(Records from a dataset)

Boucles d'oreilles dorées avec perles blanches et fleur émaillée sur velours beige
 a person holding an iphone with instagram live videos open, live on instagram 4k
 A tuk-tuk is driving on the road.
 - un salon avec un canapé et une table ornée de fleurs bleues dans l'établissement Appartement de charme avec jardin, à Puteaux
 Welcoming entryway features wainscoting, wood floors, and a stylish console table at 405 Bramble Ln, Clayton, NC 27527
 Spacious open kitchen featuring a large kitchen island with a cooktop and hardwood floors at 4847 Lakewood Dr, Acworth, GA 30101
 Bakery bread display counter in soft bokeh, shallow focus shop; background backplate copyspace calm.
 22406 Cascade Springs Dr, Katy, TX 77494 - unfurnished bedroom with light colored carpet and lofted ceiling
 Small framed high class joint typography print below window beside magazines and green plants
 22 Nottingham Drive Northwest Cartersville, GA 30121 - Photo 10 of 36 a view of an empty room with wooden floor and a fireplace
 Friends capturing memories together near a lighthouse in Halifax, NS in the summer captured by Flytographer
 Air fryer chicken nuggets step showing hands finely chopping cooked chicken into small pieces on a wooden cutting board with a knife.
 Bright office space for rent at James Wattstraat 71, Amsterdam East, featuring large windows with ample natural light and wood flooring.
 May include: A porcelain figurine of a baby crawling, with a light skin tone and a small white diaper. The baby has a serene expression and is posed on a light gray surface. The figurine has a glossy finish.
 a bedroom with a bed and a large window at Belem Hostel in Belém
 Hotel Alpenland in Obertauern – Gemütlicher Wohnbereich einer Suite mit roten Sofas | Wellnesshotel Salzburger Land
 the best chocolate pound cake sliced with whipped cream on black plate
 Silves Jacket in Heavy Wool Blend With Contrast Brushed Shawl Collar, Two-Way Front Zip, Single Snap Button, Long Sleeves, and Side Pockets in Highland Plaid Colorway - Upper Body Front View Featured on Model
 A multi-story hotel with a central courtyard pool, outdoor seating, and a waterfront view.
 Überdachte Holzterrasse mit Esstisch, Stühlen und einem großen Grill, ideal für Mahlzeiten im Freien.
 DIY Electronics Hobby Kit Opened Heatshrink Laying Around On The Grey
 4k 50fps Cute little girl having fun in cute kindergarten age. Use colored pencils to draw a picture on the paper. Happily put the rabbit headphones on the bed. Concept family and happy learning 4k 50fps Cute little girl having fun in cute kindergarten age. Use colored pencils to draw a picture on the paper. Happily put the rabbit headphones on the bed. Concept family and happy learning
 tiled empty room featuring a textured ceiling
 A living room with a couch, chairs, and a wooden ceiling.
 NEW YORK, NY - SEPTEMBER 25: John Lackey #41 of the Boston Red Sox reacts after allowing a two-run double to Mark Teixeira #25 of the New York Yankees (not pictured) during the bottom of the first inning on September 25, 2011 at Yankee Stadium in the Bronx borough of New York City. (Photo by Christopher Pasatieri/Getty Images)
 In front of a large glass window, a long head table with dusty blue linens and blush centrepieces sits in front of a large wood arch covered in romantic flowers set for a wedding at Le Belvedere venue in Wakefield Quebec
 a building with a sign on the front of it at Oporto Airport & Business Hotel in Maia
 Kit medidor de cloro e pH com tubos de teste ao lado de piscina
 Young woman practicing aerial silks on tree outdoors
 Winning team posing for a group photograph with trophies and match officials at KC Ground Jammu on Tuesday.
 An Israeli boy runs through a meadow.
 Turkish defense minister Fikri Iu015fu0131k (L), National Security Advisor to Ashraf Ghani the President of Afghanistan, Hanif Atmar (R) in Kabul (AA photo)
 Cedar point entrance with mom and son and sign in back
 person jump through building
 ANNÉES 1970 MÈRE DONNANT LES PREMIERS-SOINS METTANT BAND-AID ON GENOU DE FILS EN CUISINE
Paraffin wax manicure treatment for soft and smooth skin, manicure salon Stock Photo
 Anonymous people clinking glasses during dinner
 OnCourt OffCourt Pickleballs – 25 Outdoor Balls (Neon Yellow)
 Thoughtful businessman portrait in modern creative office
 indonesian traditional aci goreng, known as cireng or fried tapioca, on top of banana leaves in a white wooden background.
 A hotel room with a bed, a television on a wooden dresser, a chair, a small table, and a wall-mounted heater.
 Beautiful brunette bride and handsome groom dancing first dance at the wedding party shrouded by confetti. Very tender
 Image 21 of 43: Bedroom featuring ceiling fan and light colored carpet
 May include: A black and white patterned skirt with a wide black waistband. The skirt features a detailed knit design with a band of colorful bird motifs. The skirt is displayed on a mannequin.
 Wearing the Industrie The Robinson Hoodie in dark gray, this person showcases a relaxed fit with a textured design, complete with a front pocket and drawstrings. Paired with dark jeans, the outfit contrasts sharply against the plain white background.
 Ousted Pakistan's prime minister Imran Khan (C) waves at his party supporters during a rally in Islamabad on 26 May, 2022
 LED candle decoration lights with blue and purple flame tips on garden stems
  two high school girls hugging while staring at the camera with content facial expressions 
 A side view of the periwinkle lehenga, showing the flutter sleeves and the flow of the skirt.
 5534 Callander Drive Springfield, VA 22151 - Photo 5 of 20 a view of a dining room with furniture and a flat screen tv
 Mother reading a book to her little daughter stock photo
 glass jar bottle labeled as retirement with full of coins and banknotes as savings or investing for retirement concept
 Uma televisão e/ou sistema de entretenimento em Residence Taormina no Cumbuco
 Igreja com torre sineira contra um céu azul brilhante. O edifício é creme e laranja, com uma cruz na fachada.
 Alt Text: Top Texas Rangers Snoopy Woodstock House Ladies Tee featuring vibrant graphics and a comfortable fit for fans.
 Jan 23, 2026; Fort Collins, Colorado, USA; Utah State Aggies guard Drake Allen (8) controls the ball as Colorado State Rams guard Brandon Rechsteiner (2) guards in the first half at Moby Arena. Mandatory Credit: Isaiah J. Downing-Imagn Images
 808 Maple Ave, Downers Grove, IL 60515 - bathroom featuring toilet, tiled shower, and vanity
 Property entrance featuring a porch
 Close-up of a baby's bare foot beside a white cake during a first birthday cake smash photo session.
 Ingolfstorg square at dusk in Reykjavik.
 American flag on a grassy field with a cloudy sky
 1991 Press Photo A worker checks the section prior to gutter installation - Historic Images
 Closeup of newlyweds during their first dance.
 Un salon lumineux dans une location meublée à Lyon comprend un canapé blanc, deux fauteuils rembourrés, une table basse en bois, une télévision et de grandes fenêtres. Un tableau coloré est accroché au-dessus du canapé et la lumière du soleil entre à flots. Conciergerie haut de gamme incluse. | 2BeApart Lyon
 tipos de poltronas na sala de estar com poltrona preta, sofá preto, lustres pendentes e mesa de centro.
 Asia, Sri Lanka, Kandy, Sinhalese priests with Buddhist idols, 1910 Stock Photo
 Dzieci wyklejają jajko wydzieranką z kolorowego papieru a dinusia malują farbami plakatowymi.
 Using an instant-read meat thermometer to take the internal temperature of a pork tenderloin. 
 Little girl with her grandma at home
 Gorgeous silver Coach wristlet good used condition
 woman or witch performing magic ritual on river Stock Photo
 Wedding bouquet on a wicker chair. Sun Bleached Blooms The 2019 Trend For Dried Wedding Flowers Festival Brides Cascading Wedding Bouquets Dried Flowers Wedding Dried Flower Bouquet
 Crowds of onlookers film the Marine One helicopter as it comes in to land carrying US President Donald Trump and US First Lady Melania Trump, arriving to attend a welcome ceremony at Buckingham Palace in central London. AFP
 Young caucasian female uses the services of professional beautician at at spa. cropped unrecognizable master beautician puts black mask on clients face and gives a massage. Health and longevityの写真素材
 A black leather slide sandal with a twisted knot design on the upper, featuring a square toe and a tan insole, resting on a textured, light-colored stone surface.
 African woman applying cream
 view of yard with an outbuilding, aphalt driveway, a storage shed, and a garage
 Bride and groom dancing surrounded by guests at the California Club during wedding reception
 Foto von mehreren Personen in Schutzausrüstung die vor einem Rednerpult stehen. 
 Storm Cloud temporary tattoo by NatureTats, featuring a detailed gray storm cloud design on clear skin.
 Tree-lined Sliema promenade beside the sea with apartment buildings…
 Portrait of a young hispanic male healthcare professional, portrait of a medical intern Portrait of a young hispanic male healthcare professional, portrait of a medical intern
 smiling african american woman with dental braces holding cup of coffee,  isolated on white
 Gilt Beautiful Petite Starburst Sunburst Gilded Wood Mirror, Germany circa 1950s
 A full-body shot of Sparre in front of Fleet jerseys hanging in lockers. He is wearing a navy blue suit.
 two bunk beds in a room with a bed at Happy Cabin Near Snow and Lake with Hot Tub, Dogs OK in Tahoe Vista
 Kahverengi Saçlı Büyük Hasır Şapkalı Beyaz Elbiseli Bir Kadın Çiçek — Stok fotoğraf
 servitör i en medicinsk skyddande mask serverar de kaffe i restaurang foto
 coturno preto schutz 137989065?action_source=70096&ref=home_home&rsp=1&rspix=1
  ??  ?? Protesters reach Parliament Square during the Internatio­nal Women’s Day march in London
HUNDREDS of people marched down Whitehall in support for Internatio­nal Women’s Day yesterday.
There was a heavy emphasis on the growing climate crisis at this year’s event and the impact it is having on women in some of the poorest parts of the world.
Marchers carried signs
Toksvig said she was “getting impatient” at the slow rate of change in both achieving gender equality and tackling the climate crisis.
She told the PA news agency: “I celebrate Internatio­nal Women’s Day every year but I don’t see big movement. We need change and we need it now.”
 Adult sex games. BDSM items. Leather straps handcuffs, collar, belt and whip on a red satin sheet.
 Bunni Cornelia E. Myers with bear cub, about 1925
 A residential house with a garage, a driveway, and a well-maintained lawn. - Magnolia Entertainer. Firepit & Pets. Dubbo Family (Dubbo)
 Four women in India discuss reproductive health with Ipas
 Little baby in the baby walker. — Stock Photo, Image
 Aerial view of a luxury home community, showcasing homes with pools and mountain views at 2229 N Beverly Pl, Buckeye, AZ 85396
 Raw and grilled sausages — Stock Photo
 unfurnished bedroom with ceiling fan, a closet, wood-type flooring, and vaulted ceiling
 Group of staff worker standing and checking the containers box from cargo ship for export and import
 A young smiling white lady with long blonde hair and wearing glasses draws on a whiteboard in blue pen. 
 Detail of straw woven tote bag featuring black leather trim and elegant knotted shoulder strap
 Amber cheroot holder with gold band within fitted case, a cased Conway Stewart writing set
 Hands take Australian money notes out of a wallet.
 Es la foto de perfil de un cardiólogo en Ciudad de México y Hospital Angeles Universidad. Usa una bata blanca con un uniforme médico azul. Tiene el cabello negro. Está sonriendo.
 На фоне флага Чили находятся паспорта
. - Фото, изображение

WHAT IS EXPECTED.
Repeat the entries above verbatim, but only from the line that has "woman or witch" down to the line that has "Wedding bouquet on", inclusive.

EXERCISE RESPONSE.
 woman or witch performing magic ritual on river Stock Photo
 Wedding bouquet on a wicker chair. Sun Bleached Blooms The 2019 Trend For Dried Wedding Flowers Festival Brides Cascading Wedding Bouquets Dried Flowers Wedding Dried Flower Bouquet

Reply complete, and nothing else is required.